Bug Bulletin: The GenomeLocPArser error in SplitNCigarReads has been fixed; if you encounter it, use the latest nightly build.

# Gaussian Mixture model plot interpret

BostonPosts: 37Member

I got this plot after VariantRecalibration for 42 samples in a VCF file. As it can bee seen in the plot there is no "known" variants detected. What is the problem? Which walker do you recommend to solve this issue? thanks

Geraldine Van der Auwera, PhD

• BostonPosts: 37Member

I used the following commands:

bsub -q short -W 12:0 -R "rusage[mem=32000]" -N -o /hms/scratch1/mahyar/error.log java -jar GenomeAnalysisTK-2.8-1-g932cd3a/GenomeAnalysisTK.jar \ -T VariantRecalibrator \ -R /hms/scratch1/mahyar/ucsc.hg19.fasta \ --input /hms/scratch1/mahyar/Overal-42post-RGSM-allsites.vcf \ --resource:dbsnp,VCF,known=false,training=true,truth=true,prior=6.0 /groups/body/JDM_RNA_Seq-2012/GATK/bundle-2.3/ucsc.hg19/dbsnp_137.hg19.vcf \ -an QD -an HaplotypeScore -an MQRankSum -an ReadPosRankSum -an FS -an MQ \ --mode SNP \ -rf BadCigar \ --recal_file /hms/scratch1/mahyar/All42_post_VQRS.recal \ --tranches_file /hms/scratch1/mahyar/All42_post_VQRS.tranches \ --rscript_file /hms/scratch1/mahyar/All42_post_VQRS_plots.R

The reason you have no known variants in the plots is because you're not providing any set of knowns (you have known=false for the one resource you provide).
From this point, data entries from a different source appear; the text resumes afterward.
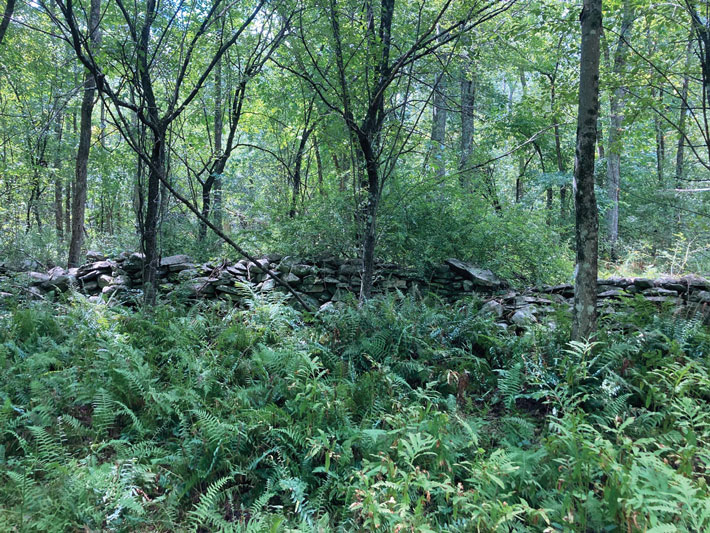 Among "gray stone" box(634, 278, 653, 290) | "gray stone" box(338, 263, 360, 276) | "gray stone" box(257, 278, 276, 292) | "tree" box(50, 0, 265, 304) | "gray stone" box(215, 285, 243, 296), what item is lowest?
"gray stone" box(215, 285, 243, 296)

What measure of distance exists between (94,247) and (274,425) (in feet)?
30.8

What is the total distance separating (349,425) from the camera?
278 centimetres

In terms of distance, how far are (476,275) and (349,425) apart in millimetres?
3820

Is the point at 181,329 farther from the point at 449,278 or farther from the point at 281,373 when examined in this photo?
the point at 449,278

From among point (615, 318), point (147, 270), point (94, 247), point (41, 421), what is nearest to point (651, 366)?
point (615, 318)

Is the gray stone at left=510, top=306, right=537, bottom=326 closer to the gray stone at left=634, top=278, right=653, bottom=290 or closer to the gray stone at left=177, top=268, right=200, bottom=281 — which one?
the gray stone at left=634, top=278, right=653, bottom=290

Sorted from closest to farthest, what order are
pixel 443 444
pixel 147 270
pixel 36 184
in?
pixel 443 444 < pixel 147 270 < pixel 36 184

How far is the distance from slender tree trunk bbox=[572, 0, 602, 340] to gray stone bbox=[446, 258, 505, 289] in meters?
2.33

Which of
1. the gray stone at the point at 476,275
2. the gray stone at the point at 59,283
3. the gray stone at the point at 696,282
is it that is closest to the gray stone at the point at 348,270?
the gray stone at the point at 476,275

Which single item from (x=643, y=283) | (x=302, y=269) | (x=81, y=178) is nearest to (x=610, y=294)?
(x=643, y=283)

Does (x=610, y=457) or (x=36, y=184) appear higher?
(x=36, y=184)

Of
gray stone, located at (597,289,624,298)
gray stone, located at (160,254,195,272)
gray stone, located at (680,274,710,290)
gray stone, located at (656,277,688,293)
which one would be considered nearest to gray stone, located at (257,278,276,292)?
gray stone, located at (160,254,195,272)

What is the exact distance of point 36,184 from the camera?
11859 mm

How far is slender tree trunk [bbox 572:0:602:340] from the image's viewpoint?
135 inches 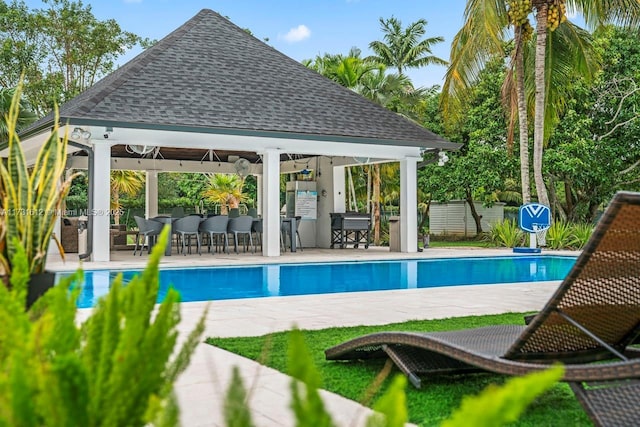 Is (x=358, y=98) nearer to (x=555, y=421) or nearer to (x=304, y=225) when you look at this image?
(x=304, y=225)

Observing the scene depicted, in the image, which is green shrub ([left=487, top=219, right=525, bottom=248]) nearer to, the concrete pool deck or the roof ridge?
the concrete pool deck

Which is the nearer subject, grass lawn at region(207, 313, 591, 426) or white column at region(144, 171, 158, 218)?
grass lawn at region(207, 313, 591, 426)

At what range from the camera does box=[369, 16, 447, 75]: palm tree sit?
3406 centimetres

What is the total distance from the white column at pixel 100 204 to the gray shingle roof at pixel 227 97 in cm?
88

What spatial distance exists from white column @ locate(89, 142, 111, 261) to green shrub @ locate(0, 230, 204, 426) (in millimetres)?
12168

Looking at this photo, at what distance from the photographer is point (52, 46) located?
91.6ft

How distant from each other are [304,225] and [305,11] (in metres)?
28.4

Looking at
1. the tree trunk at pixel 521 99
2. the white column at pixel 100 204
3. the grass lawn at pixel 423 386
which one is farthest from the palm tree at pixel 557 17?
the grass lawn at pixel 423 386

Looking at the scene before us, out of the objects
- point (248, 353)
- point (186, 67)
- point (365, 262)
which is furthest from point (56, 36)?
point (248, 353)

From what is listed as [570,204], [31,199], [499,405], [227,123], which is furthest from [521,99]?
[499,405]

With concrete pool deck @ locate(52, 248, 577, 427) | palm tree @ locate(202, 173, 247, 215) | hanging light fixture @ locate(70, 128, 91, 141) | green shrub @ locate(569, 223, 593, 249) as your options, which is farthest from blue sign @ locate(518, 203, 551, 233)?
palm tree @ locate(202, 173, 247, 215)

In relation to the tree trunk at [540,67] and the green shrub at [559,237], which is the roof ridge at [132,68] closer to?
the tree trunk at [540,67]

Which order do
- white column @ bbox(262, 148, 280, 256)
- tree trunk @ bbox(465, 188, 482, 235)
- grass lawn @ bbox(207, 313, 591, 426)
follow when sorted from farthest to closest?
1. tree trunk @ bbox(465, 188, 482, 235)
2. white column @ bbox(262, 148, 280, 256)
3. grass lawn @ bbox(207, 313, 591, 426)

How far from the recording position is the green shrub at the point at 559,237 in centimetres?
1769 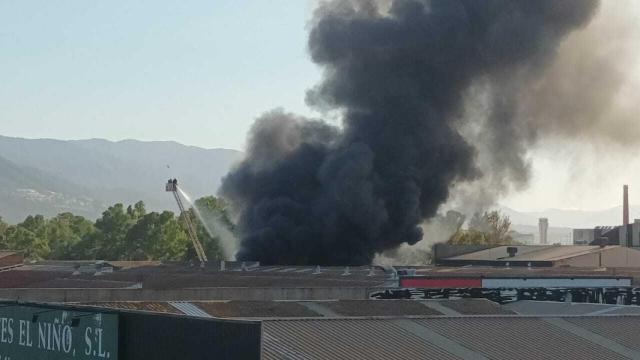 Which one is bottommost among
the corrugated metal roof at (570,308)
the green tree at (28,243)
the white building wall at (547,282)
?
the corrugated metal roof at (570,308)

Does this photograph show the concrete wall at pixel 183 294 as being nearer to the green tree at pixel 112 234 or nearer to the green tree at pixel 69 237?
the green tree at pixel 112 234

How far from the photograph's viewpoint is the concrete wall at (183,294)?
54.8 meters

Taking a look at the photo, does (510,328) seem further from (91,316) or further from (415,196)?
(415,196)

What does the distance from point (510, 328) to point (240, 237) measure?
71011 millimetres

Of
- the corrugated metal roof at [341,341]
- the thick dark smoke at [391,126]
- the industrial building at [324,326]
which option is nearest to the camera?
the industrial building at [324,326]

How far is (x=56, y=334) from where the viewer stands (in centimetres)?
3039

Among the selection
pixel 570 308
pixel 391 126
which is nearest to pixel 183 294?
pixel 570 308

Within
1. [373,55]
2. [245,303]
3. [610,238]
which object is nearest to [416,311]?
[245,303]

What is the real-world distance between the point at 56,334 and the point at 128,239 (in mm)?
112465

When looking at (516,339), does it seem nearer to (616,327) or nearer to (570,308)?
(616,327)

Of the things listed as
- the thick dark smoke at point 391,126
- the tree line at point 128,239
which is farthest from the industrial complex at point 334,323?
the tree line at point 128,239

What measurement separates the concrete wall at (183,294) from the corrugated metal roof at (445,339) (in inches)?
904

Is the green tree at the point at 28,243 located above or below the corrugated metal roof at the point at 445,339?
above

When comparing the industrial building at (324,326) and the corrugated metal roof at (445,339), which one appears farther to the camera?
the corrugated metal roof at (445,339)
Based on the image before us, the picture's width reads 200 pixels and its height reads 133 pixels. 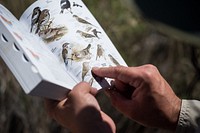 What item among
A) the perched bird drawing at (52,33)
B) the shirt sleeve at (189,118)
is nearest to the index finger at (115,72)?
the perched bird drawing at (52,33)

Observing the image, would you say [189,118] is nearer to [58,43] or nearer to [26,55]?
[58,43]

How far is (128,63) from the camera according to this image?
2.05m

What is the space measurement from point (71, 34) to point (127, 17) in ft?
4.43

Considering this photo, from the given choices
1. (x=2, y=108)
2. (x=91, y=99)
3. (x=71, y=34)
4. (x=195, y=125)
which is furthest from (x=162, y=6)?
(x=2, y=108)

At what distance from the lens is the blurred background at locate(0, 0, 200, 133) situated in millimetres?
1924

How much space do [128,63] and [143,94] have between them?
96cm

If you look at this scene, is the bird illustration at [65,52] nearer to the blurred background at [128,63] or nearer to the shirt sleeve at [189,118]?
the shirt sleeve at [189,118]

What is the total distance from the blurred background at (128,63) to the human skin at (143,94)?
750 millimetres

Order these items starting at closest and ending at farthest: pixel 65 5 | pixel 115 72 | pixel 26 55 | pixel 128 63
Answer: pixel 26 55
pixel 115 72
pixel 65 5
pixel 128 63

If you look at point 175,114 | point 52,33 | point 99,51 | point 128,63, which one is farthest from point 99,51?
point 128,63

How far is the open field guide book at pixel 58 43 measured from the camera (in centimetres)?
92

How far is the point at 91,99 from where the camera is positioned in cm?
98

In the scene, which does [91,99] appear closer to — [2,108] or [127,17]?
[2,108]

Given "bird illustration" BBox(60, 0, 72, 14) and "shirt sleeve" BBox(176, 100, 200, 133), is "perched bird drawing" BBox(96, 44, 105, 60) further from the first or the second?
"shirt sleeve" BBox(176, 100, 200, 133) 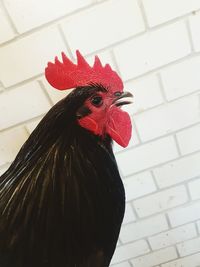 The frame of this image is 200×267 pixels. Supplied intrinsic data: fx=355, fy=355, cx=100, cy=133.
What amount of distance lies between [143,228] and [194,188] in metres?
0.26

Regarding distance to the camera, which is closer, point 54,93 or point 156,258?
point 54,93

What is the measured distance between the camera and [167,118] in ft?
3.74

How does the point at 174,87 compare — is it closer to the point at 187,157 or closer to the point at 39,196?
the point at 187,157

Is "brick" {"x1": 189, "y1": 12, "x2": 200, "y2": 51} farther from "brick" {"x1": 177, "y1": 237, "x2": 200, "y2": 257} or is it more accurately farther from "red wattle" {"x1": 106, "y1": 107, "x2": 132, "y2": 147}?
"brick" {"x1": 177, "y1": 237, "x2": 200, "y2": 257}

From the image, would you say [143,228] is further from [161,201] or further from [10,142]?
[10,142]

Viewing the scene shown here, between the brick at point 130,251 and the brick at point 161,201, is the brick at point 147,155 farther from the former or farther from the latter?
the brick at point 130,251

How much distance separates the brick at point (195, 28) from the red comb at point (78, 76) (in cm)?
34

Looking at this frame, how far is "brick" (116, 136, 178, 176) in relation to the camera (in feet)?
3.90

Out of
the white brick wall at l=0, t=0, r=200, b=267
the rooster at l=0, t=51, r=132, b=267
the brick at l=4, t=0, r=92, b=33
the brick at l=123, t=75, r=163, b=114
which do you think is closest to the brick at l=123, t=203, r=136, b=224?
the white brick wall at l=0, t=0, r=200, b=267

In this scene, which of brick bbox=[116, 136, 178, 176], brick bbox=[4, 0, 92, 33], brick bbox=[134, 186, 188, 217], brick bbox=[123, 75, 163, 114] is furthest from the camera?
brick bbox=[134, 186, 188, 217]

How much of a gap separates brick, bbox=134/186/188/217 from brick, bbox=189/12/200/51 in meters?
0.52

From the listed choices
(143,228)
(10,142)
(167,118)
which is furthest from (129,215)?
(10,142)

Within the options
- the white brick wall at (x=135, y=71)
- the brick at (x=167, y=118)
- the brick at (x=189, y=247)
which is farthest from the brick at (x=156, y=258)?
the brick at (x=167, y=118)

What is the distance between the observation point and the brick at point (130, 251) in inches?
55.5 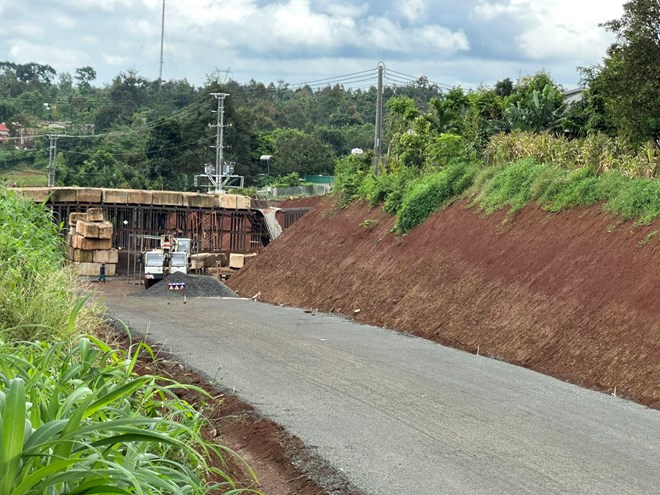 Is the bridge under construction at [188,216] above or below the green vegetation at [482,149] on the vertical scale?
below

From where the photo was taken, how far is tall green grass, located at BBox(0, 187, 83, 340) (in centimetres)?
1173

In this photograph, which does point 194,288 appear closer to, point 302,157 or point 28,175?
point 302,157

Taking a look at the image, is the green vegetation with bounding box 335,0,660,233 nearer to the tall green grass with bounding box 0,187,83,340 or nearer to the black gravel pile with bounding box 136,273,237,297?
the black gravel pile with bounding box 136,273,237,297

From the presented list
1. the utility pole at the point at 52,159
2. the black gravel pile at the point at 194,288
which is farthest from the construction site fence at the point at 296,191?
the black gravel pile at the point at 194,288

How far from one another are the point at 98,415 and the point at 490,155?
28.1 metres

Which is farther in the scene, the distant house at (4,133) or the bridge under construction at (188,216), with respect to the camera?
the distant house at (4,133)

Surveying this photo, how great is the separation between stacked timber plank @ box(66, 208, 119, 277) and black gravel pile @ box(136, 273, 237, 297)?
7955 millimetres

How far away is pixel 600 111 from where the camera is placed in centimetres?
3341

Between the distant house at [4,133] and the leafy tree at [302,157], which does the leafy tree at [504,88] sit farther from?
the distant house at [4,133]

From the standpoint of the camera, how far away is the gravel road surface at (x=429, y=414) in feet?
34.0

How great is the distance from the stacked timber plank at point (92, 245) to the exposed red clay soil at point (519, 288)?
1293 cm

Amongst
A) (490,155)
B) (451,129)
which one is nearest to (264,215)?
(451,129)

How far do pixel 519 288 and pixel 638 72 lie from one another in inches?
291

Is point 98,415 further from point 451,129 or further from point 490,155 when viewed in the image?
point 451,129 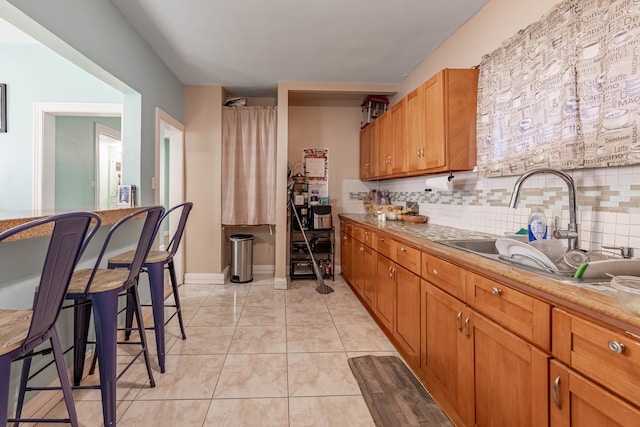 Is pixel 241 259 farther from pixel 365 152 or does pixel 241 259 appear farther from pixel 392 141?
pixel 392 141

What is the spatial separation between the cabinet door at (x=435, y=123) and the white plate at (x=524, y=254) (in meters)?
1.07

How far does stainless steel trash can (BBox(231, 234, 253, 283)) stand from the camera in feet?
13.6

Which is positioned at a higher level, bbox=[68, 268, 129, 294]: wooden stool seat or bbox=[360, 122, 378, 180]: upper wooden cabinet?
bbox=[360, 122, 378, 180]: upper wooden cabinet

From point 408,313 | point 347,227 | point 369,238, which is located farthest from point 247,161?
point 408,313

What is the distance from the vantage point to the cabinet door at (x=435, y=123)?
2.30 m

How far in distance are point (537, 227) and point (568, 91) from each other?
65 cm

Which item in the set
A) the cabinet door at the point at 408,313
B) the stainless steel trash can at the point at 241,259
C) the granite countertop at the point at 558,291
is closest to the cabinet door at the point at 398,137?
the cabinet door at the point at 408,313

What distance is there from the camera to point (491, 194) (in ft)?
7.27

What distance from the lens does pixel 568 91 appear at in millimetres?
1476

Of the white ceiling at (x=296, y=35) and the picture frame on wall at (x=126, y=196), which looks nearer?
the white ceiling at (x=296, y=35)

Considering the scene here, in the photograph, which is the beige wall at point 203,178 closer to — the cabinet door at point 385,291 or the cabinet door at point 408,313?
the cabinet door at point 385,291

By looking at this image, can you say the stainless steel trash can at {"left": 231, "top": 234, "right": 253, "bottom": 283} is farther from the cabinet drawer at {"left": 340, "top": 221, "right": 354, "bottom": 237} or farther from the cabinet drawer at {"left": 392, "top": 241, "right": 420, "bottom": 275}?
the cabinet drawer at {"left": 392, "top": 241, "right": 420, "bottom": 275}

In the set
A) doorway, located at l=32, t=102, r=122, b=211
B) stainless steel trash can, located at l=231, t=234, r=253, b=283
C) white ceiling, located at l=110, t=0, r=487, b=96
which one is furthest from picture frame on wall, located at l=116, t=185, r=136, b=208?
stainless steel trash can, located at l=231, t=234, r=253, b=283

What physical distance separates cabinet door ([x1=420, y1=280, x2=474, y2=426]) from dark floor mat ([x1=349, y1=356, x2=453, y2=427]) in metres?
0.10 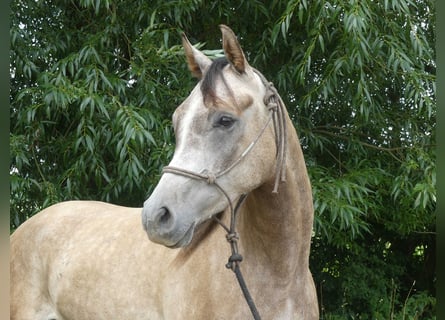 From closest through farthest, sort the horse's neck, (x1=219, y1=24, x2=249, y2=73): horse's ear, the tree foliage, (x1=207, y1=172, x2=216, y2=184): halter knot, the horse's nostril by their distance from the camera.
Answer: the horse's nostril → (x1=207, y1=172, x2=216, y2=184): halter knot → (x1=219, y1=24, x2=249, y2=73): horse's ear → the horse's neck → the tree foliage

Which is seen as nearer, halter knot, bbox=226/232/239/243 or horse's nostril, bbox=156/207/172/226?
horse's nostril, bbox=156/207/172/226

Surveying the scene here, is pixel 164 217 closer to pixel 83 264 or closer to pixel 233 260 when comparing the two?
pixel 233 260

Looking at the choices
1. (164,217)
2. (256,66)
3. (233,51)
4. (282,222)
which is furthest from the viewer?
(256,66)

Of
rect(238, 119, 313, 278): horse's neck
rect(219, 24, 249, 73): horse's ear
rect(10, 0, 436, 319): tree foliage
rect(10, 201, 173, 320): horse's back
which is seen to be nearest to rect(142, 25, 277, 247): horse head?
rect(219, 24, 249, 73): horse's ear

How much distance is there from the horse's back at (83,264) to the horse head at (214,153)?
2.45 ft

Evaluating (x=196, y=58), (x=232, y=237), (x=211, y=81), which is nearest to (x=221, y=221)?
(x=232, y=237)

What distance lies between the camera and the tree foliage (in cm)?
401

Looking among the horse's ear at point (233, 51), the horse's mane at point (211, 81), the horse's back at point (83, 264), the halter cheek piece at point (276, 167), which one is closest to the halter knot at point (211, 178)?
the halter cheek piece at point (276, 167)

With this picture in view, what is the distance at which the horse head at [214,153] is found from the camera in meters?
1.87

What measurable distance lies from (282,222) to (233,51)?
67cm

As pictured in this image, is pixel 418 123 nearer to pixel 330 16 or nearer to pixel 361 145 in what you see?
pixel 361 145

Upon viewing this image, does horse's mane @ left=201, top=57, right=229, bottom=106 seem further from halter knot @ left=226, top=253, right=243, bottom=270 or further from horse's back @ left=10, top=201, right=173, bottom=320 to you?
horse's back @ left=10, top=201, right=173, bottom=320

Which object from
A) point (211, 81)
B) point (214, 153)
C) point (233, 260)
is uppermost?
point (211, 81)

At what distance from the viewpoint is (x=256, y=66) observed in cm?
459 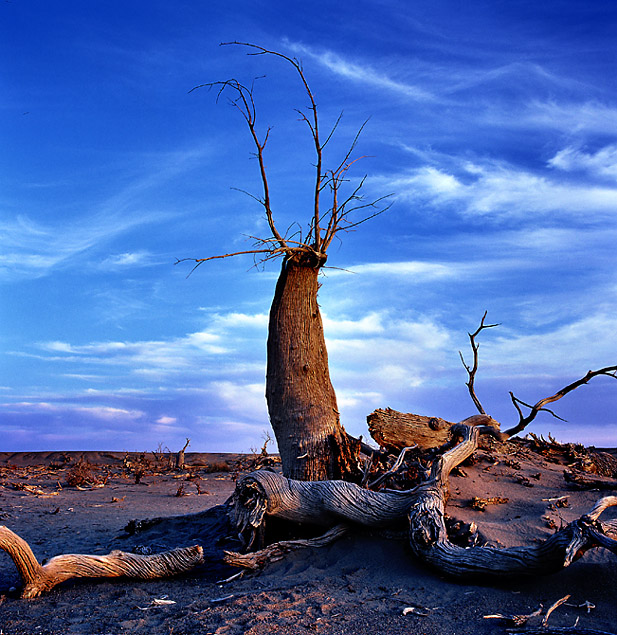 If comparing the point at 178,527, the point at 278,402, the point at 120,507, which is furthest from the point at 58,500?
the point at 278,402

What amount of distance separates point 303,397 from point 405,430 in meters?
2.64

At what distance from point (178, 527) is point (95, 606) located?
2818 mm

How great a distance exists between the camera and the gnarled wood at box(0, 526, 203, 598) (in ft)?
18.6

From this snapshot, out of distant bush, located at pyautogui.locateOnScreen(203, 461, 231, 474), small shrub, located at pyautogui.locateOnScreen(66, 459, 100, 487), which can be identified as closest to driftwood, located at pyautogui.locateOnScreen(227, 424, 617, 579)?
small shrub, located at pyautogui.locateOnScreen(66, 459, 100, 487)

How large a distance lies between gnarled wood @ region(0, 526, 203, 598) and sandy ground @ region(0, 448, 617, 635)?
134 millimetres

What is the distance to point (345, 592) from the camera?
5.54 m

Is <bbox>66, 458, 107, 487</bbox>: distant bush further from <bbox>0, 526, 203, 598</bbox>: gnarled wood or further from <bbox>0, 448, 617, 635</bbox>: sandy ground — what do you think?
<bbox>0, 526, 203, 598</bbox>: gnarled wood

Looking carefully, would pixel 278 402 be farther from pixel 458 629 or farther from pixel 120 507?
pixel 120 507

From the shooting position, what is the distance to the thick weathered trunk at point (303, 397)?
25.3 feet

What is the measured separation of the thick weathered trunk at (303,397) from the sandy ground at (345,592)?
1.25 meters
The bigger problem here is that you're not following our Best Practices for variant recalibration. This command will give you very poor results. Please read the documentation on the Best Practices to learn how you should do this.

• BostonPosts: 37Member

Do I need use all 4 resources (e.g. hapmap, omni, 1000G, dbsnp) for the VariantRecalibrator or only one resource is enough? I used "dbsnp" resource, because I used it for calling variants via UnifiedGenotyper!

• BostonPosts: 37Member

I run again VariantRecalibrator only for one sample and got the following error: What is the issue?